* _Exercise brief_
Using the records below, transcribe word for word the stretch from the line that contains "34 Holberton Street, Rockville QLD 4350" through the line that contains "More Photos Of", both end lines included, and nothing else.

* _Dataset records_
====
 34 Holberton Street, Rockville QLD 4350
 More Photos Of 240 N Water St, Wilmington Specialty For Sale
====
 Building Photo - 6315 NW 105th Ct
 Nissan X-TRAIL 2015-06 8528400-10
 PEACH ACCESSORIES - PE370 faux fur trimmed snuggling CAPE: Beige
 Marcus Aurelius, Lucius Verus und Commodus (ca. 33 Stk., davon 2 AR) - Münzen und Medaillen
====
* _Answer to this task_
 34 Holberton Street, Rockville QLD 4350
 More Photos Of 240 N Water St, Wilmington Specialty For Sale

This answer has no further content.